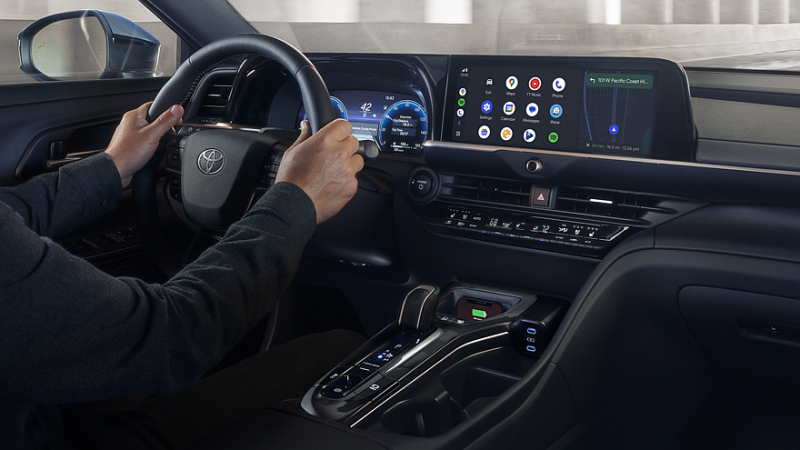 Toyota освежила кросс-седан Crown: иная корма и пересмотренная гибридная установка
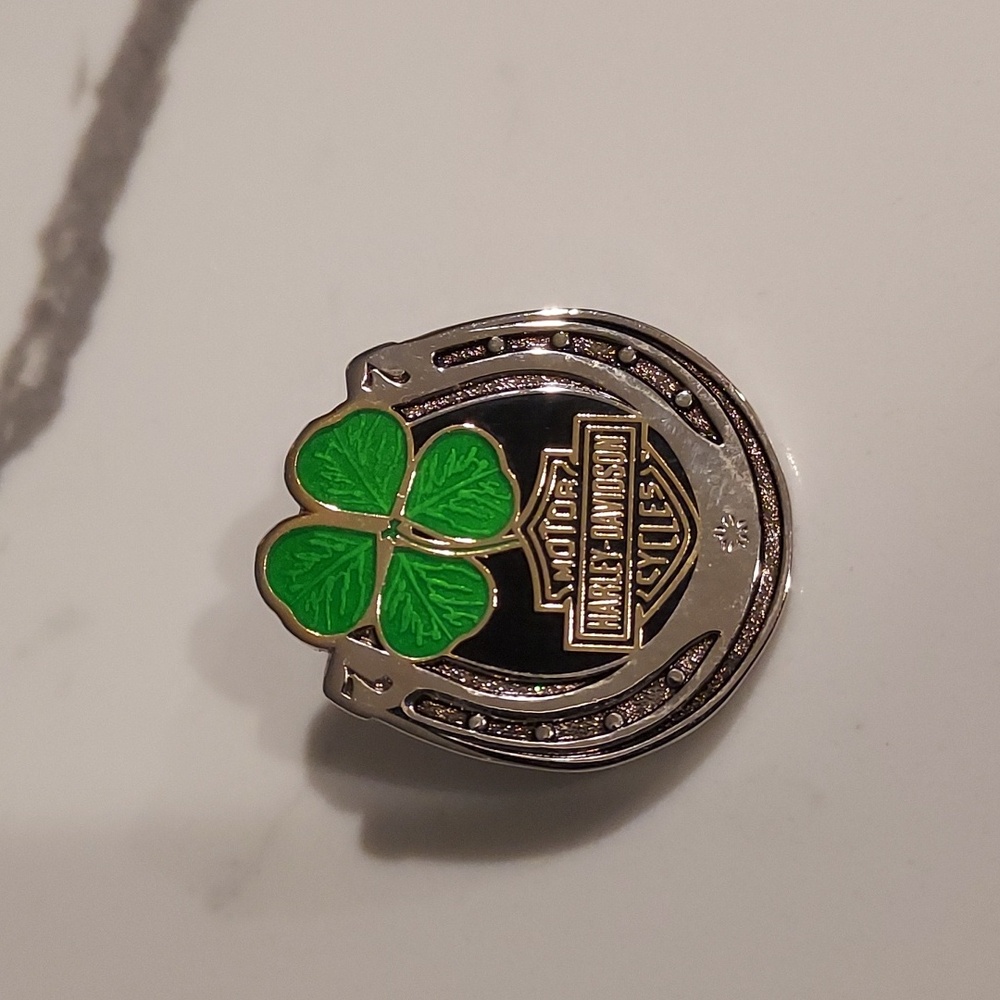 Harley-Davidson Silver Horseshoe Pin with Green Clover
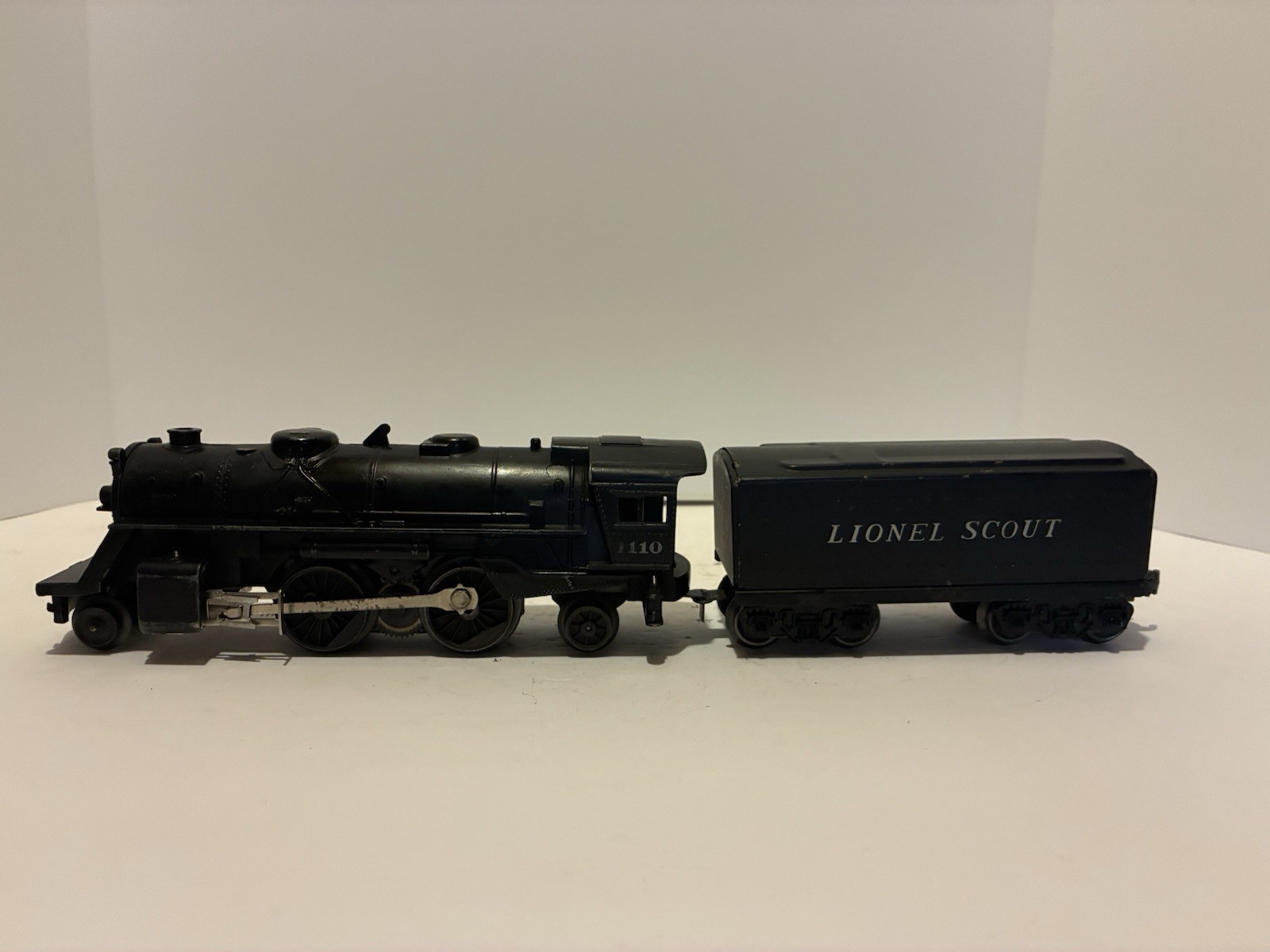 Lionel 1110 Scout Locomotive And Tender. Tested See Description.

### ASSIGNMENT
Reproduce every line of the material above, but drop the pictures.

### EXERCISE OUTPUT
 Toyota освежила кросс-седан Crown: иная корма и пересмотренная гибридная установка
 Harley-Davidson Silver Horseshoe Pin with Green Clover
 Lionel 1110 Scout Locomotive And Tender. Tested See Description.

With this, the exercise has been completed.